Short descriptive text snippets
# # # #
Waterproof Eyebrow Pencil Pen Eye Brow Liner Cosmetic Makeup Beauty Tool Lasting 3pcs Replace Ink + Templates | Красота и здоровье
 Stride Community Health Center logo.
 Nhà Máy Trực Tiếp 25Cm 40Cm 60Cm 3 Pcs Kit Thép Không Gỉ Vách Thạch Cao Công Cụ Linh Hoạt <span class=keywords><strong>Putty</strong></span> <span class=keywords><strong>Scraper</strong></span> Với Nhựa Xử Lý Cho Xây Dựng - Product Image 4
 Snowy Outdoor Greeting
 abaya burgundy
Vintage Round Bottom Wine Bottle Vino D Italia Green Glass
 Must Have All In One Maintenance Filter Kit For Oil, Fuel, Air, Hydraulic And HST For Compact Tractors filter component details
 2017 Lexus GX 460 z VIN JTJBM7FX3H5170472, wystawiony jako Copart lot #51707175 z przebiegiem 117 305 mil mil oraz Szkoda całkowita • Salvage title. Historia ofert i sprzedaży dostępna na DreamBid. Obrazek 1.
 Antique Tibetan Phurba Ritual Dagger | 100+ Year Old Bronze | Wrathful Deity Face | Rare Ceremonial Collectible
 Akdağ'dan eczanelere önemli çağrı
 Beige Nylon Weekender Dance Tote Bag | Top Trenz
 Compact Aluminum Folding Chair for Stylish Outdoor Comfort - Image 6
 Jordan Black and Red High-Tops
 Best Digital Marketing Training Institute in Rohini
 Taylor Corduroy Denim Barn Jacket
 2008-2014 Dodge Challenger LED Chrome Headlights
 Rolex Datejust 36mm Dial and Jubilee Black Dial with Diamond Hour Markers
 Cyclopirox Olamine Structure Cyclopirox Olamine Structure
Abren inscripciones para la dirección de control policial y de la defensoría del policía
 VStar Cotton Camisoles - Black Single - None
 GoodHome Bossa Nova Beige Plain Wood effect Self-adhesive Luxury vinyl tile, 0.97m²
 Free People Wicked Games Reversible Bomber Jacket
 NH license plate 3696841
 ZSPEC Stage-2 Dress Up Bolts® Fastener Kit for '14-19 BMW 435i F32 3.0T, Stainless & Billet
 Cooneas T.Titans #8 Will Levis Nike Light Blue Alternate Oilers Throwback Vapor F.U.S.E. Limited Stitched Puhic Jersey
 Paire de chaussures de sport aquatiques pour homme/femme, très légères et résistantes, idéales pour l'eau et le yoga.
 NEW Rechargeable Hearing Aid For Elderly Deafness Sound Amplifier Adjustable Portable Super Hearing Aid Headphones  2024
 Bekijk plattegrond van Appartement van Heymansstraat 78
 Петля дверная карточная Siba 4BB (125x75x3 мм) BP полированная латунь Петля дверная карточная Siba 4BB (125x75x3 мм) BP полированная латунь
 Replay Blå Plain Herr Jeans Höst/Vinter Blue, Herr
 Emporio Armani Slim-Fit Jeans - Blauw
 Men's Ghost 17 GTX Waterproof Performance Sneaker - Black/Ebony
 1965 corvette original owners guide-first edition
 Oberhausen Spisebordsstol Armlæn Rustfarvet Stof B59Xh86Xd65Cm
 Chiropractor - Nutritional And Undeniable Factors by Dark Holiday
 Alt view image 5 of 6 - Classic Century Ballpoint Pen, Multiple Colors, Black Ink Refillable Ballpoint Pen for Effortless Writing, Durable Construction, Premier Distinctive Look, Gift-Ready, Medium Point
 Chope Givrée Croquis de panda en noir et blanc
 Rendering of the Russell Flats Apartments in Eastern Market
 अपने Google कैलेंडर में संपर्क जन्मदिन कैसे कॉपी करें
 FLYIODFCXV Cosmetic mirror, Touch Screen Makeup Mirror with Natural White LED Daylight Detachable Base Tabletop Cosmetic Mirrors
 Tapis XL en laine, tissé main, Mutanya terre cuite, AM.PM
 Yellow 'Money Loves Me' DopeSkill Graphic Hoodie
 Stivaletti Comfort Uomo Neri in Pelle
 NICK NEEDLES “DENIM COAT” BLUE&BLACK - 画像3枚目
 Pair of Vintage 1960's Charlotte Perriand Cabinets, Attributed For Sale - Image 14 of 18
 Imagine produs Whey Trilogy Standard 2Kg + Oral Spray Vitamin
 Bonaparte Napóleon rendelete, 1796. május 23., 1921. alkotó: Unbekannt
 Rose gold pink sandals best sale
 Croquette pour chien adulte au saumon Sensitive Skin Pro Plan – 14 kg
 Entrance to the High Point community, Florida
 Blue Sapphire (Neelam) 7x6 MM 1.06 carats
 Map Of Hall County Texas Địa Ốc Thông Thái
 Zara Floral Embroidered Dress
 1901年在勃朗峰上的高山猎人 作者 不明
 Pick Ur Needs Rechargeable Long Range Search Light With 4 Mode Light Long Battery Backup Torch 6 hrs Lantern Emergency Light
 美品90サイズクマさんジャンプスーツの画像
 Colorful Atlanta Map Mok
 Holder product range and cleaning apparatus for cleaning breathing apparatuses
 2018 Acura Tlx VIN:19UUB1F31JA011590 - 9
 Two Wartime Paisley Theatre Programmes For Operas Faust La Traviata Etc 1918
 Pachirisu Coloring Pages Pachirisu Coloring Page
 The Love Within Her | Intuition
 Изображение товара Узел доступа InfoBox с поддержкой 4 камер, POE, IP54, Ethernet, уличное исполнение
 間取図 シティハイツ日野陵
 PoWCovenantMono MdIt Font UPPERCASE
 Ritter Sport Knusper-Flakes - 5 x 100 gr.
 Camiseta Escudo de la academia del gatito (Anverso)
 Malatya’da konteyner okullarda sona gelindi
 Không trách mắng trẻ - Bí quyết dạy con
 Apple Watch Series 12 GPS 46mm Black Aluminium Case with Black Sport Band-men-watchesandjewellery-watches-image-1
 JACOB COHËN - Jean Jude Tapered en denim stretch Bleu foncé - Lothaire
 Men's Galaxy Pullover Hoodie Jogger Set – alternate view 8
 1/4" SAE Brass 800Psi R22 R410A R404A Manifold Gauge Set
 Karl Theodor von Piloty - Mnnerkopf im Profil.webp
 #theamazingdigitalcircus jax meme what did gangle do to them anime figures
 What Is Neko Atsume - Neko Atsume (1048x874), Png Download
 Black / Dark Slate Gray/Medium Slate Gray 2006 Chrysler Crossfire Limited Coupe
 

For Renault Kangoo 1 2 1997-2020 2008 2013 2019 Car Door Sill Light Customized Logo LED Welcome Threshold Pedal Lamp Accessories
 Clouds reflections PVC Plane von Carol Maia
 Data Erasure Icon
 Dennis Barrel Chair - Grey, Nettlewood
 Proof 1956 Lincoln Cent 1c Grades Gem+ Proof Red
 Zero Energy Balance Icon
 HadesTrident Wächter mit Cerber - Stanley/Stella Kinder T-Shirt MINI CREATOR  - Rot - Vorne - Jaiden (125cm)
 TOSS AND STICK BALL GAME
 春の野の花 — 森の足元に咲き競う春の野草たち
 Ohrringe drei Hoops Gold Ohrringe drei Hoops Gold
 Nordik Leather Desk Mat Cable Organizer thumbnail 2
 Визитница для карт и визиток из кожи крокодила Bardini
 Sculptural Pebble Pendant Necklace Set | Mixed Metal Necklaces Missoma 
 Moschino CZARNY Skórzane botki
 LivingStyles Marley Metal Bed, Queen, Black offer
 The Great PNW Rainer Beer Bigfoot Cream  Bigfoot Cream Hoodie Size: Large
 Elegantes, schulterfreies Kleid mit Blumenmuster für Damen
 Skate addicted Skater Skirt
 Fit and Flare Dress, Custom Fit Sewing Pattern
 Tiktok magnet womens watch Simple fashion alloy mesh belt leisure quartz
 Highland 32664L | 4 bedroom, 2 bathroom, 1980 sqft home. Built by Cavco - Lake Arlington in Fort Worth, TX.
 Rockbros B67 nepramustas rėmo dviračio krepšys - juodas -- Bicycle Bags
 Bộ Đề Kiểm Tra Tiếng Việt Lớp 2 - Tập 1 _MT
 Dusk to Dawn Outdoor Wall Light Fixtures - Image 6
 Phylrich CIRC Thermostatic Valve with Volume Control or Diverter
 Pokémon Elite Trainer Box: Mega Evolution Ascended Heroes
# # # #
In the records above, retype exactly the lines from the one with "Zero Energy Balance Icon" through the last one.

Your solution >>
 Zero Energy Balance Icon
 HadesTrident Wächter mit Cerber - Stanley/Stella Kinder T-Shirt MINI CREATOR  - Rot - Vorne - Jaiden (125cm)
 TOSS AND STICK BALL GAME
 春の野の花 — 森の足元に咲き競う春の野草たち
 Ohrringe drei Hoops Gold Ohrringe drei Hoops Gold
 Nordik Leather Desk Mat Cable Organizer thumbnail 2
 Визитница для карт и визиток из кожи крокодила Bardini
 Sculptural Pebble Pendant Necklace Set | Mixed Metal Necklaces Missoma 
 Moschino CZARNY Skórzane botki
 LivingStyles Marley Metal Bed, Queen, Black offer
 The Great PNW Rainer Beer Bigfoot Cream  Bigfoot Cream Hoodie Size: Large
 Elegantes, schulterfreies Kleid mit Blumenmuster für Damen
 Skate addicted Skater Skirt
 Fit and Flare Dress, Custom Fit Sewing Pattern
 Tiktok magnet womens watch Simple fashion alloy mesh belt leisure quartz
 Highland 32664L | 4 bedroom, 2 bathroom, 1980 sqft home. Built by Cavco - Lake Arlington in Fort Worth, TX.
 Rockbros B67 nepramustas rėmo dviračio krepšys - juodas -- Bicycle Bags
 Bộ Đề Kiểm Tra Tiếng Việt Lớp 2 - Tập 1 _MT
 Dusk to Dawn Outdoor Wall Light Fixtures - Image 6
 Phylrich CIRC Thermostatic Valve with Volume Control or Diverter
 Pokémon Elite Trainer Box: Mega Evolution Ascended Heroes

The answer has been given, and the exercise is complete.